_PROBLEM TO WORK ON_:
Please transcribe the data below in full, word for word, without the images.

_Short descriptive text snippets_:
○ ○ ○ ○ ○ ○ ○
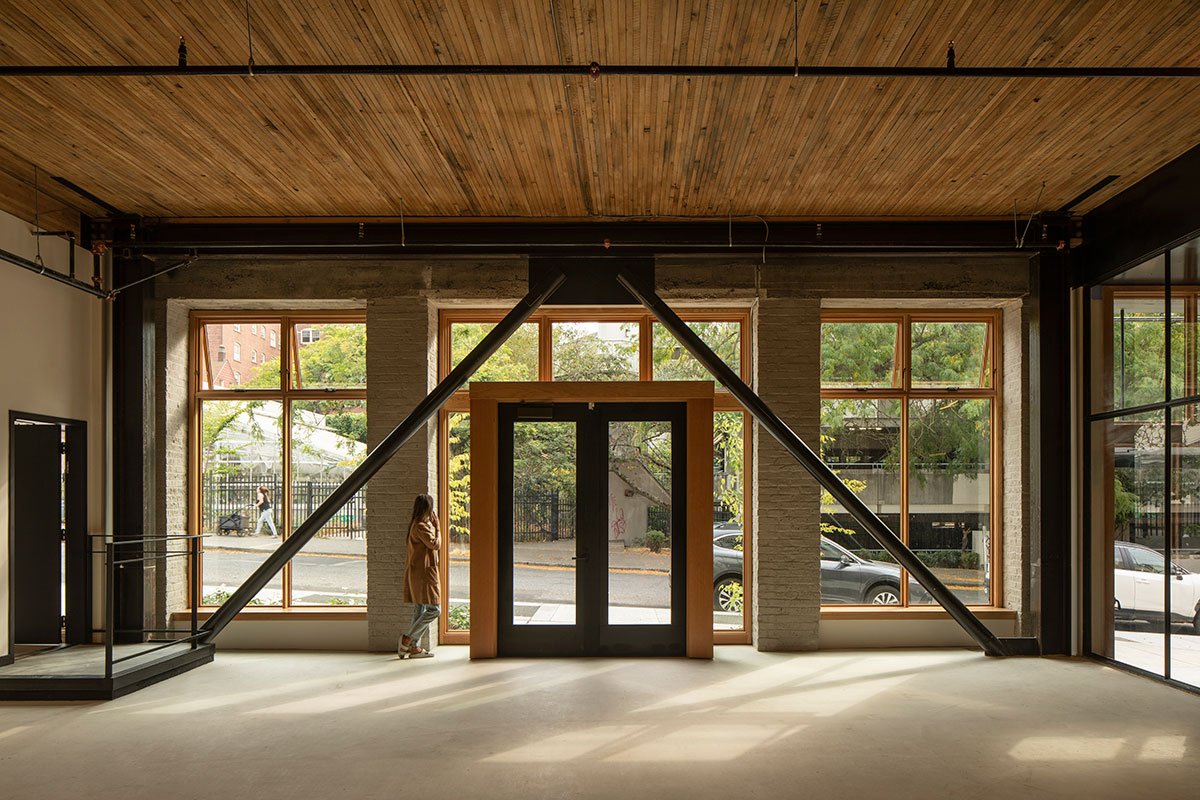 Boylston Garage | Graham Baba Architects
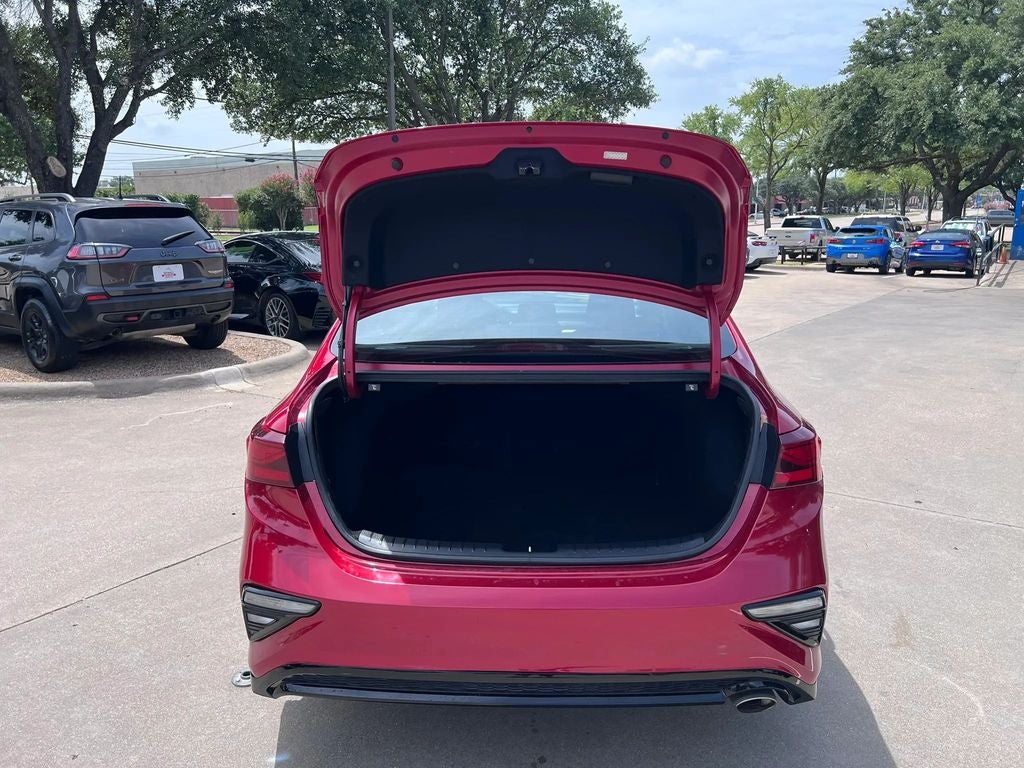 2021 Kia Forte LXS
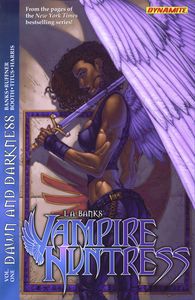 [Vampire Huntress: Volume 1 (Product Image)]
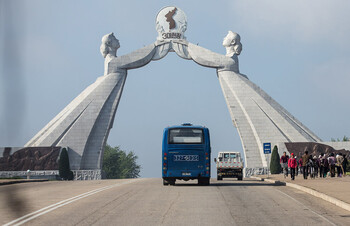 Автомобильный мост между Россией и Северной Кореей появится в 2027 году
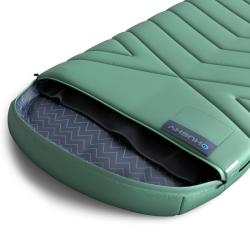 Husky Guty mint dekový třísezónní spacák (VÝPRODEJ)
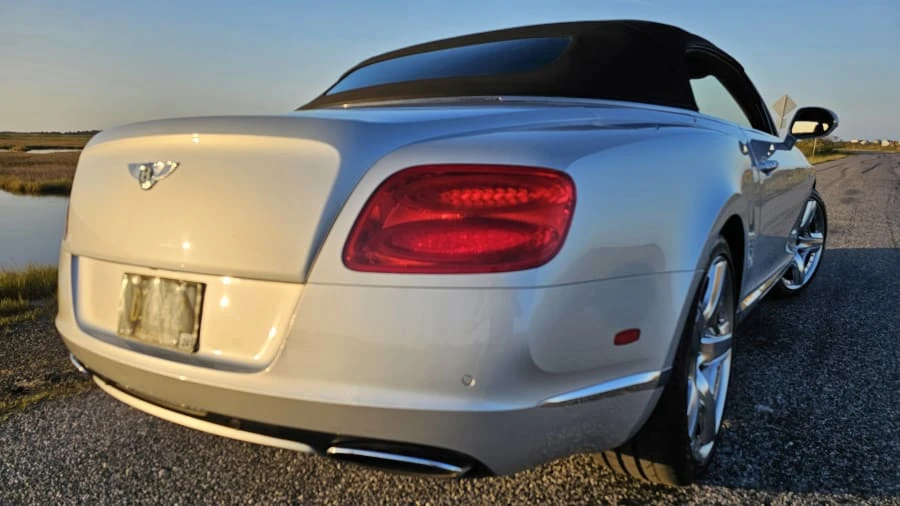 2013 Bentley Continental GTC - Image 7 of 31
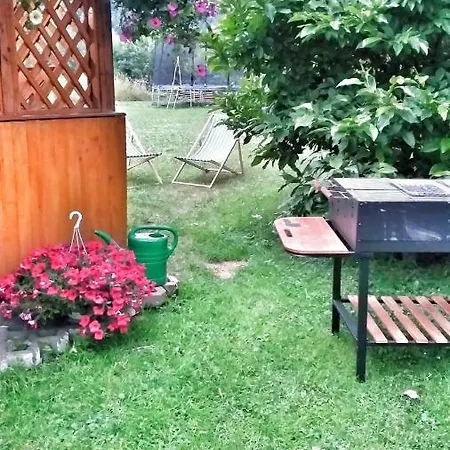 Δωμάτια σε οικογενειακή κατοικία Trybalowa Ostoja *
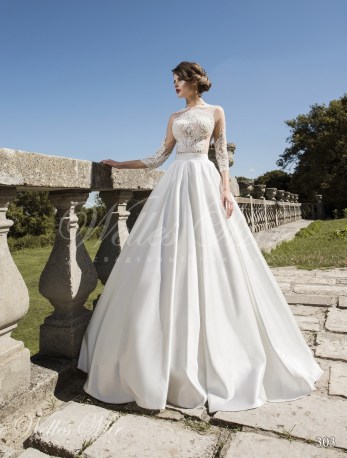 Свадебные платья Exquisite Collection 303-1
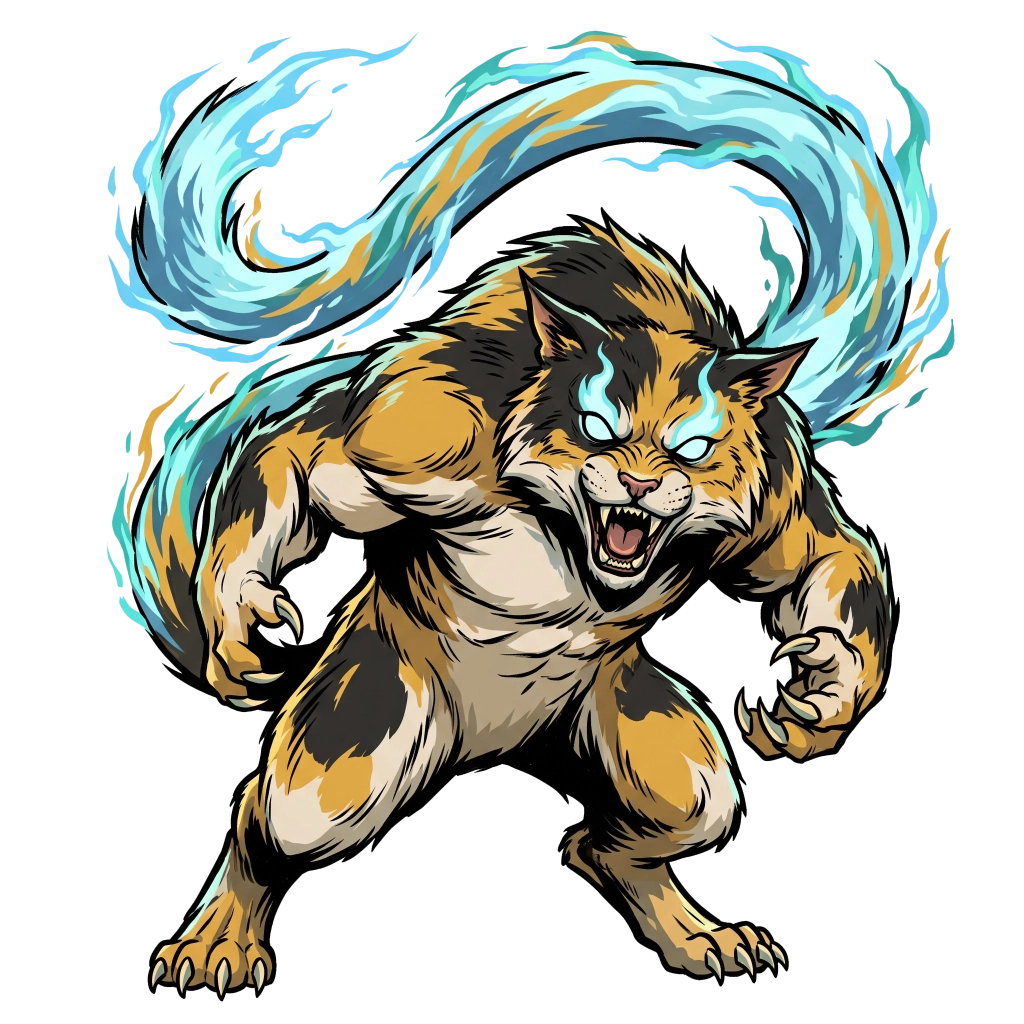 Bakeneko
○ ○ ○ ○ ○ ○ ○
_ANSWER AREA_:
 Boylston Garage | Graham Baba Architects
 2021 Kia Forte LXS
 [Vampire Huntress: Volume 1 (Product Image)]
 Автомобильный мост между Россией и Северной Кореей появится в 2027 году
 Husky Guty mint dekový třísezónní spacák (VÝPRODEJ)
 2013 Bentley Continental GTC - Image 7 of 31
 Δωμάτια σε οικογενειακή κατοικία Trybalowa Ostoja *
 Свадебные платья Exquisite Collection 303-1
 Bakeneko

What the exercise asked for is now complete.